Identification of pore size in porou(精选3篇)

Identification of pore size in porous materials: A review of characterization techniques

篇一：Identification of pore size in porous materials: A review of characterization techniques

Introduction:

Porous materials play a crucial role in various fields, including catalysis, filtration, and energy storage. The pore size distribution and pore structure of these materials greatly influence their performance and properties. Therefore, accurate identification and characterization of pore size are essential for understanding the behavior and optimizing the design of porous materials. In this article, we will review various techniques used for the identification of pore size in porous materials.

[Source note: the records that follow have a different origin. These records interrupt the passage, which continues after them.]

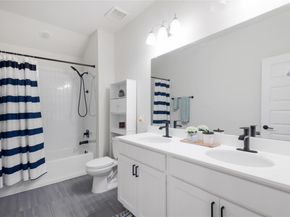 141 Janelle LN, Liberty Hill TX 78642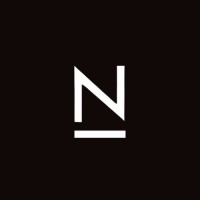 Just NOMAD logo - Similar company to My Name Is Bond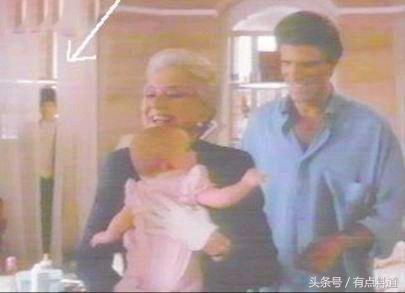 世界上真的有鬼吗30张鬼图,全球十大怪异鬼魂照片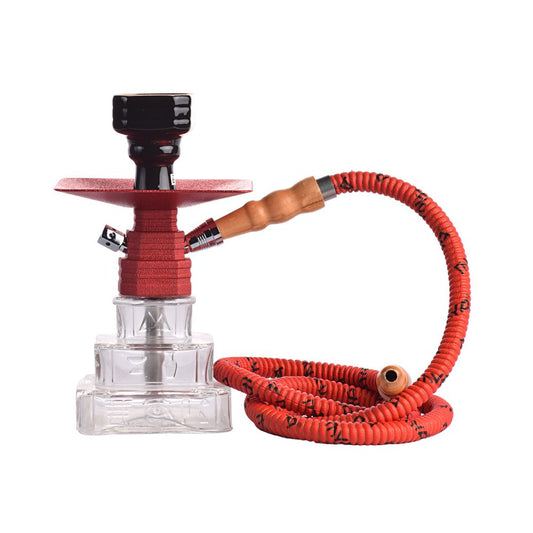 MYA Tut Original Hookah
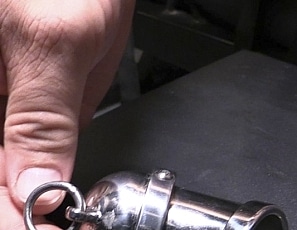 A205_MALEBONDAGE_FunTimesAtEdgeDungeon_Part2of8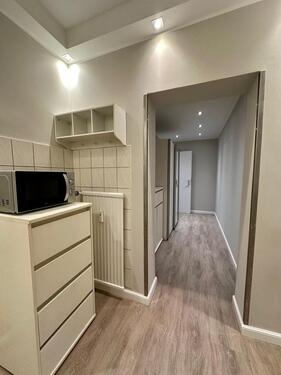 Foto - andere in Ratingen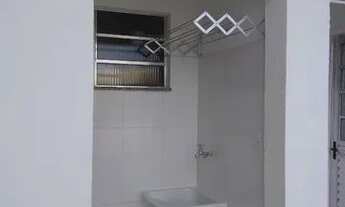 Imagem 6: Kitnet em Sorocaba no Éden Mobiliada e com Garagem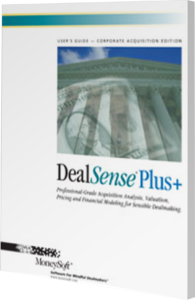 Dealsense Plus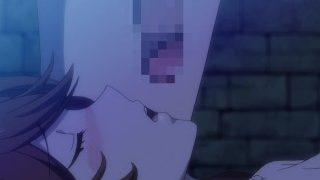 甘い懲罰～私は看守専用ペット 完全版　【EROKUNI-RAW】 [BD 1920×1080 AVC 10bit ★]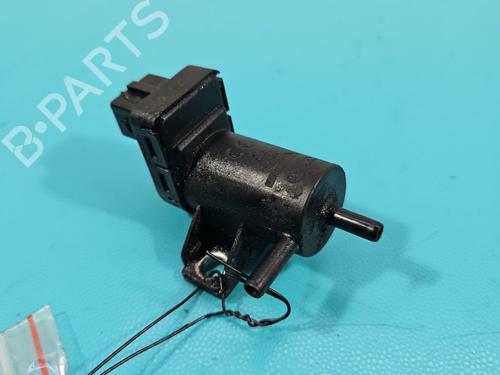 Used Electronic sensor Electronic sensor 38125617 38125617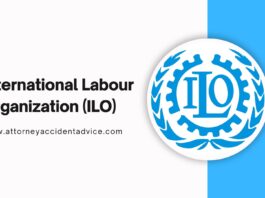 International Labour Organization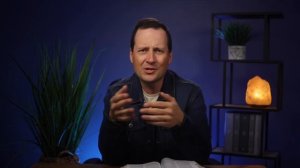 Предвестники событий последних дней _ СШ урок 12 - Руслан Друми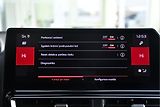 Citroën C5 Aircross 1.2 Pure Tech Feel Pack - náhled 33
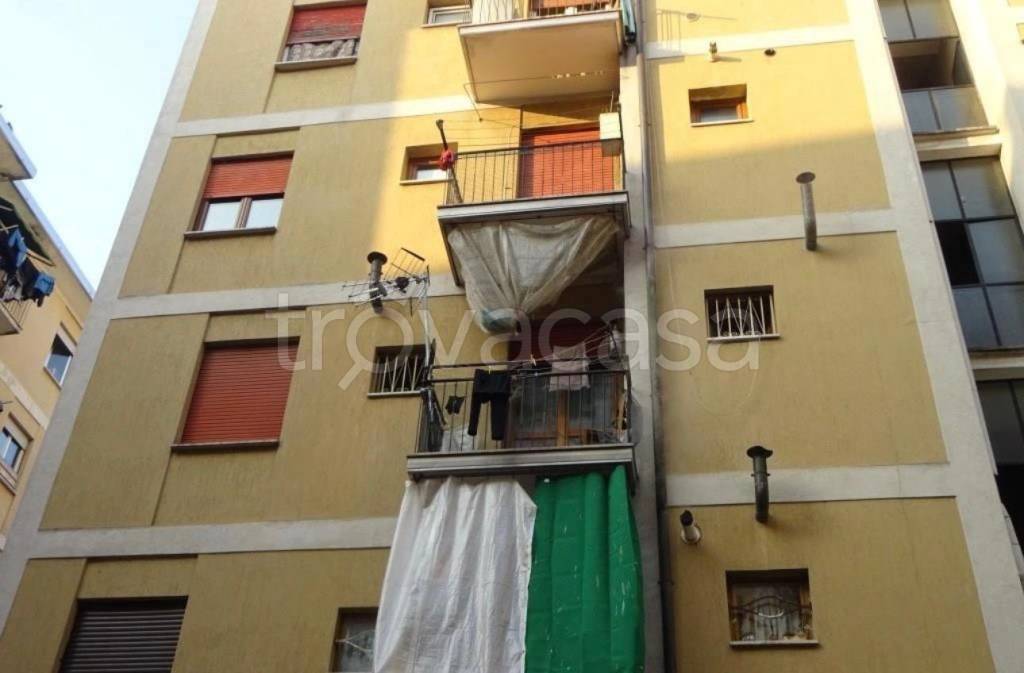 appartamento in vendita a Pioltello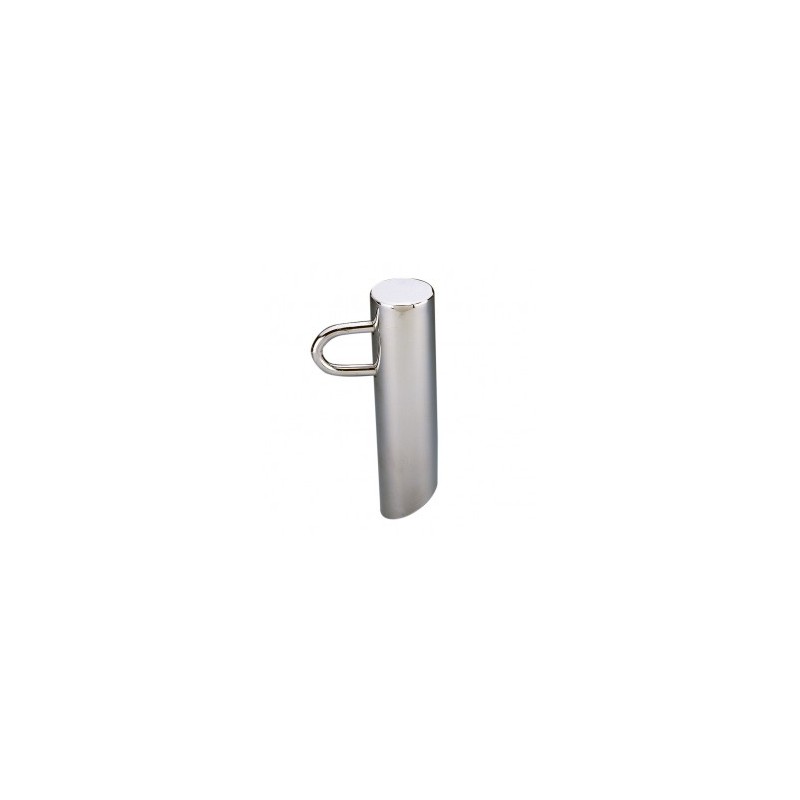 Soporte corchera AstralPool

1. Mercury intrusion porosimetry:

Mercury intrusion porosimetry (MIP) is a widely used technique for pore size characterization. It involves the intrusion of mercury into the pores under controlled pressure. By measuring the volume of mercury intruded at different pressures, the pore size distribution can be determined. MIP has a wide measurement range, typically from nanometers to micrometers, making it suitable for a variety of porous materials.

2. Gas adsorption:

Gas adsorption techniques, such as nitrogen or argon adsorption, are commonly used to determine the pore size distribution in porous materials. The adsorption isotherms obtained at different temperatures and pressures provide valuable information about the pore size and surface area. The Brunauer-Emmett-Teller (BET) theory is often applied to analyze the data and calculate the specific surface area and pore size distribution.

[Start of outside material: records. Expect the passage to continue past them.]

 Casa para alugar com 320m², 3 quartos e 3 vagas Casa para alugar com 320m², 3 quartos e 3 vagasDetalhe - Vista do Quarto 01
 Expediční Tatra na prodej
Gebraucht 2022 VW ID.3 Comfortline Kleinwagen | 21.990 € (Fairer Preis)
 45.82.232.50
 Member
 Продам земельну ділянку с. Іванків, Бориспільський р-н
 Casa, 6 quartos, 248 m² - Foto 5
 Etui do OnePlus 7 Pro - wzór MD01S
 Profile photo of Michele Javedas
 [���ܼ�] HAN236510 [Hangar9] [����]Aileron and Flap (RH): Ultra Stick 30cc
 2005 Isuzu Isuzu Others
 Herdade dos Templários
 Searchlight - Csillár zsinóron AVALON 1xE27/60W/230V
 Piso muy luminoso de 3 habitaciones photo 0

3. Scanning electron microscopy (SEM):

SEM is a powerful imaging technique that can provide valuable information about the morphology and pore structure of porous materials. By capturing high-resolution images of the material's surface, SEM can help identify the pore size and pore shape. Combined with image analysis software, SEM can quantify the pore size distribution and provide insights into the connectivity and arrangement of pores.

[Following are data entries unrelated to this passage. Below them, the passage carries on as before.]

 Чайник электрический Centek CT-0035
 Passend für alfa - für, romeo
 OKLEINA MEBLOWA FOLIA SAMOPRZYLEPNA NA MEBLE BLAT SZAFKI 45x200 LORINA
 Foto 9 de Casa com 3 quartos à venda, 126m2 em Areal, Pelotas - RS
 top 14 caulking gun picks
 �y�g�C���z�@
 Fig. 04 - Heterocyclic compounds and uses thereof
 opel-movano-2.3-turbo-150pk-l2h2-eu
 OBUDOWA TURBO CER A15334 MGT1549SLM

4. X-ray diffraction (XRD):

XRD is commonly used to determine the crystalline structure and phase composition of materials. In the case of porous materials, XRD can provide information about the pore size indirectly. By analyzing the broadening of diffraction peaks, which is related to the size of coherent scattering domains, the average pore size can be estimated.

5. Nuclear magnetic resonance (NMR):

NMR techniques, particularly relaxometry and diffusometry, have been used to characterize porous materials. NMR can provide information about the pore size distribution and the surface-to-volume ratio. By analyzing the relaxation or diffusion behavior of the nuclear spins, the size and shape of the pores can be determined.

Conclusion:

Accurate identification of pore size is essential for understanding the behavior and optimizing the design of porous materials. A combination of different characterization techniques, such as MIP, gas adsorption, SEM, XRD, and NMR, provides a comprehensive understanding of the pore size distribution and pore structure in porous materials. Each technique has its advantages and limitations, and the choice of technique depends on the specific requirements and characteristics of the material under investigation.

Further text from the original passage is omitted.